In 1971, the New York Times published “Taki 183 Spawns Pen Pals.” In an attempt to document a curious urban pathology, the mainstream media inadvertently legitimized tagging as a cultural expression. This exposure sparked a city-wide competition, as youth forged elaborate styles to subvert their anonymity. The motive was fundamentally existential:

“His tags weren’t artistic masterpieces – they were territorial markers asserting ‘I exist.’”

These markers were the precursors to modern underground brand-building, where a simple signature serves as a recurring logo of presence.

4. The Stencil Revolution: Speed as a Survival Strategy

As the movement evolved, the risk of arrest necessitated tactical innovation. In the 1980s, Blek le Rat (Xavier Prou) pioneered the use of stencils for images. Inspired by the Italian political murals he saw in his youth and informed by his architectural studies at the École des Beaux-Arts, Prou began painting small black rats across Paris. For him, the rat was a symbol of urban resistance, operating in the shadows of the city.

The stencil was a surgical critique of urban decay. Its quick application reduced the “window of risk” for arrest, while the “infinite reproduction” of the image directly mimicked the corporate advertising it sought to subvert. This method allowed for complex social commentary—addressing homelessness and poverty—with a precision freehand spray painting couldn’t match. This handover of technique provided the essential blueprint for contemporary icons, serving as the primary influence for Banksy.

5. Meaningless Propaganda and the Power of Repetition

In 1989, Shepard Fairey created the “André the Giant Has a Posse” sticker. Originally a joke intended to teach friends screen-printing, the sticker became a global phenomenon. Fairey’s genius lay in the concept of “meaningless propaganda.”

Unlike traditional art that conveys a specific narrative, the absurdity of the wrestler’s face was intentional. Fairey wanted to expose how symbols gain power and perceived importance simply through relentless, aesthetic repetition. This mastery of public iconography eventually led Fairey to create the Obama “Hope” poster, the most successful marriage of street-level subversion and mainstream political messaging in history.
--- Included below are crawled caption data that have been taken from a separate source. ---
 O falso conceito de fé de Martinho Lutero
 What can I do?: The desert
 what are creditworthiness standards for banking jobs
6. The Ultimate Counter-Intuitive Act: Value Through Destruction

The evolution of street art reached a peak of irony with Banksy’s Girl with Balloon. In 2018, seconds after the work sold at a Sotheby’s auction for £1.4 million, a hidden shredder within the frame partially destroyed the canvas.
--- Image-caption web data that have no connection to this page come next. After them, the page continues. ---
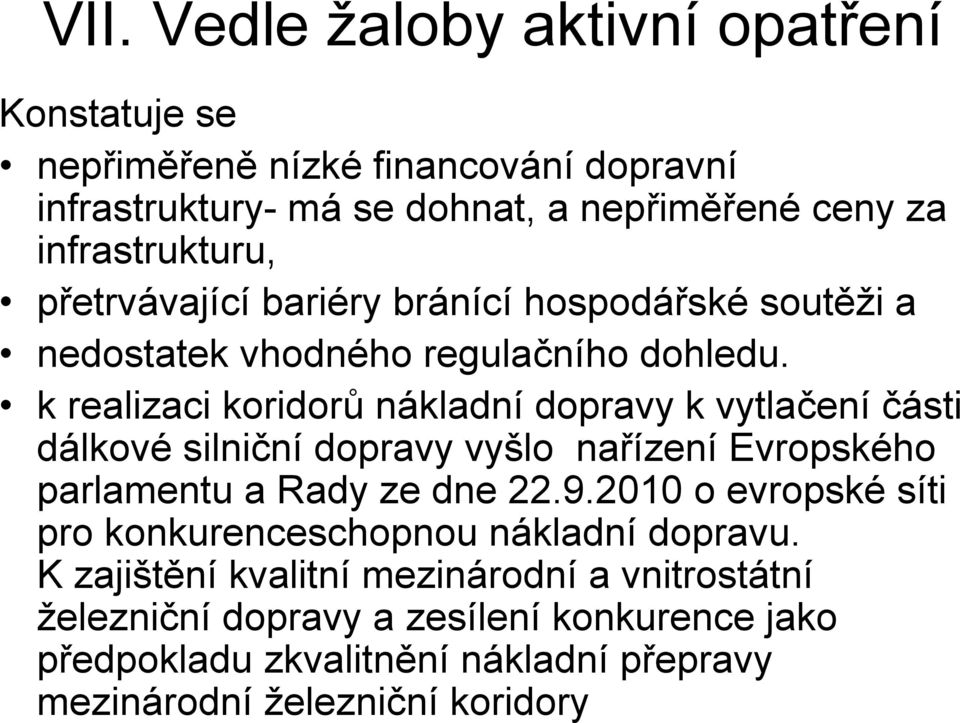 k realizaci koridorů nákladní dopravy k vytlačení části dálkové silniční dopravy vyšlo nařízení Evropského parlamentu a Rady ze dne 22.9.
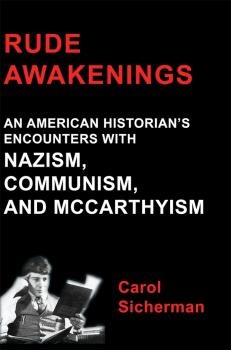 Скачать Rude Awakenings: An American Historian's Encounter With Nazism, Communism and McCarthyism - Carol Jr. Sicherman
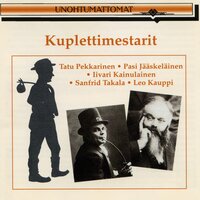 Unohtumattomat - Kuplettimestarit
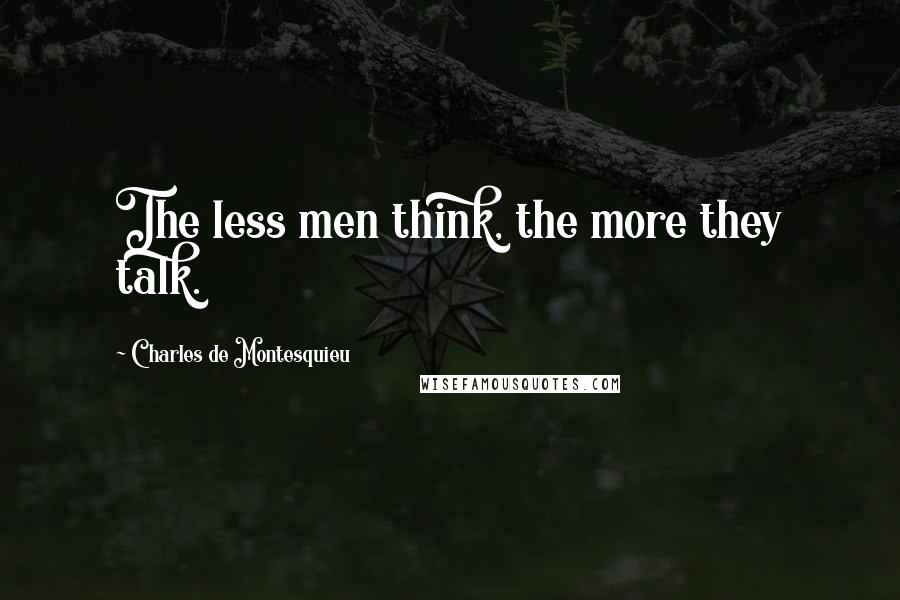Charles De Montesquieu Quotes: The less men think, the more they talk.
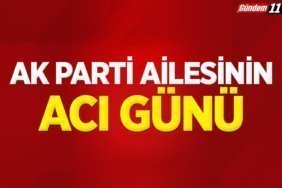 AK PARTİ AİLESİNİN ACI GÜNÜ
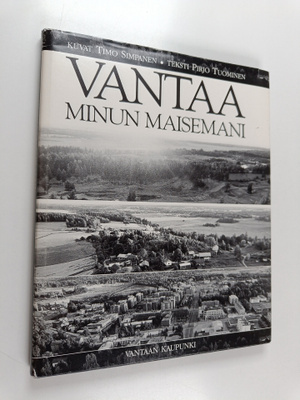 Timo Simpanen : Vantaa : minun maisemani
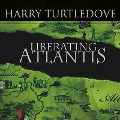 Liberating Atlantis: A Novel of Alternate History - Harry Turtledove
The outcome was a masterstroke of institutional subversion. The shredded work, renamed Love is in the Bin, was not a ruin; it was a new work of performance art. In 2021, it sold for £18.6 million. This remains the ultimate irony: the high-end art establishment paying a massive premium for an act that attempted to destroy itself as a critique of that very establishment.

7. Conclusion: The Future of the Open-Air Gallery

The journey of street art is one of remarkable expansion—moving from the educational, monumental murals of Diego Rivera to the high-priced, shredded canvases of Banksy. What began as a desperate cry for recognition in neglected neighborhoods has been cemented as “art world royalty.” As these creators move from the “vandalism” of the street to the auction block, a vital question remains: can the democratization of creativity survive its own financial success?